In 2005, Walmart entered the Central American market by acquiring 33% of Central American Retail Holding Company (CARHCO) from Dutch retailer Royal Ahold NV. CARHCO operated stores in Guatemala, El Salvador, Costa Rica, Honduras and Nicaragua. In 2006, Walmart increased its stake to 51% and changed the name to Walmart Centroamérica.

==== Walmart de Mexico y Centroamérica ====

Logo used from 2010 until 2025.

In December 2009, Walmart de México acquired 43% of Walmart Centroamérica from Walmart and 40% from two minority partners, paying over $1.4 billion pesos (approximately US$110 million) in cash and shares. In early 2010, the transaction was completed and Walmart de México was renamed Walmart de México y Centroamérica.

In Mexico, Walmart has 3,154 stores, including 300 Walmart Supercenter stores and 167 Sam's Club stores. In Central America, Walmart has 925 stores, including 334 in Costa Rica and 273 in Guatemala.

==Labor relations==
In 2008, a Mexican court ruled that Walmart de México could not pay its employees in vouchers redeemable only at the store, as it violated an article of the country's Constitution.

In 2020, Walmart de México y Centroamérica was included in the Bloomberg Gender Equity Index for the third time. It is the only company in the self-service sector worldwide that has appeared in this index for three consecutive years. This Index is made up of 325 companies belonging to 50 industries.

==Bribery investigations==
An April 2012, investigative report in The New York Times reported that a former executive of Walmart de Mexico alleged that, in September 2005, Walmart de Mexico had paid bribes via local fixers called gestores to officials throughout Mexico in order to obtain construction permits, information, and other favors. Walmart investigators found credible evidence that Mexican and American laws had been broken. Concerns were raised that Walmart executives in the United States "hushed up" the allegations. Reportedly, bribes were given to rapidly obtain construction permits, which gave Walmart a substantial advantage over its business competitors. A follow-up investigation by The New York Times, published December 17, 2012, revealed evidence that regulatory permission for siting, construction, and operation of nineteen stores had been obtained through bribery. There was evidence that a bribe of $52,000 was paid to change a zoning map, which enabled the opening of a Walmart store a mile from a historical site in San Juan Teotihuacán. After the initial article was released, Walmart released a statement denying the allegations and describing its anti-corruption policy. While an official Walmart report states that they found no evidence of corruption, the article alleges that previous internal reports had indeed turned up such evidence before the story became public. Forbes magazine contributor, Adam Hartung, also alluded that the bribery scandal was a reflection of Walmart's "serious management and strategy troubles," stating, "[s]candals are now commonplace... [e]ach scandal points out that Walmart's strategy is harder to navigate and is running into big problems."

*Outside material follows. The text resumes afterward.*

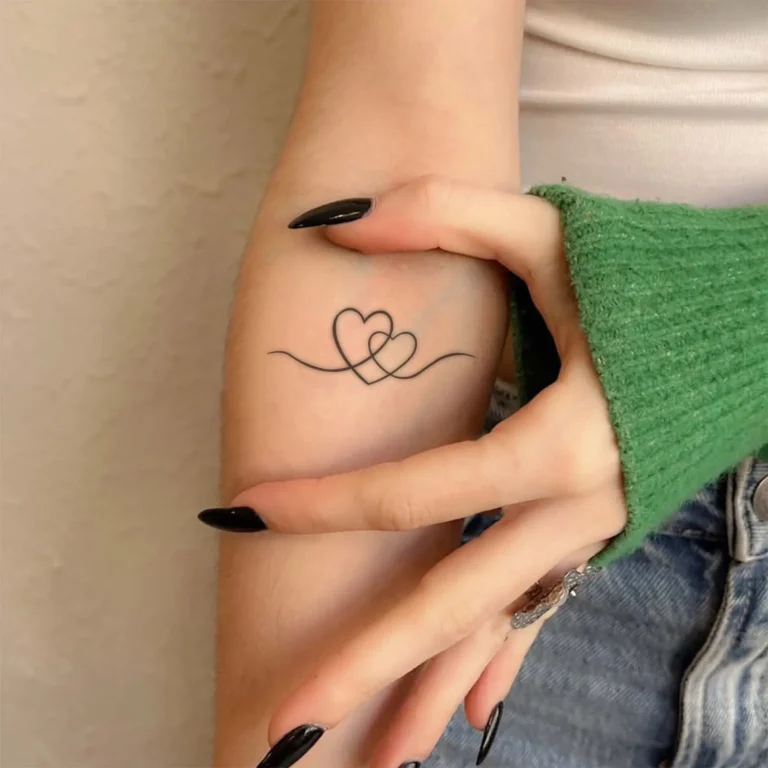 Celebrate Eternal Connection with This Interlocking Hearts Heart Tattoo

As of December 2012, internal investigations ongoing into possible violations of the Foreign Corrupt Practices Act. Walmart has invested $99 million in the internal investigations, which have expanded beyond Mexico to implicate operations in China, Brazil, and India. The case has added fuel to the debate as to whether foreign investment will result in increased prosperity, or if it merely allows local retail trade and economic policy to be taken over by "foreign financial and corporate interests."

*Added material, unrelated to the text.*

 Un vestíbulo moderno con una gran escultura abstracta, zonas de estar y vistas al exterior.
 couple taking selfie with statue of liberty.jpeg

==Sale of Banco Walmart Financial Services to Inbursa==
In December 2014, Grupo Financiero Inbursa agreed to acquire Banco Walmart from the chain and create a commercial alliance to offer financial services to supermarket customers with a locally familiar banking entity, such as branded credit cards and banking services, the bank also serves Walmart associates who might need banking services such as bank accounts and salary deposits.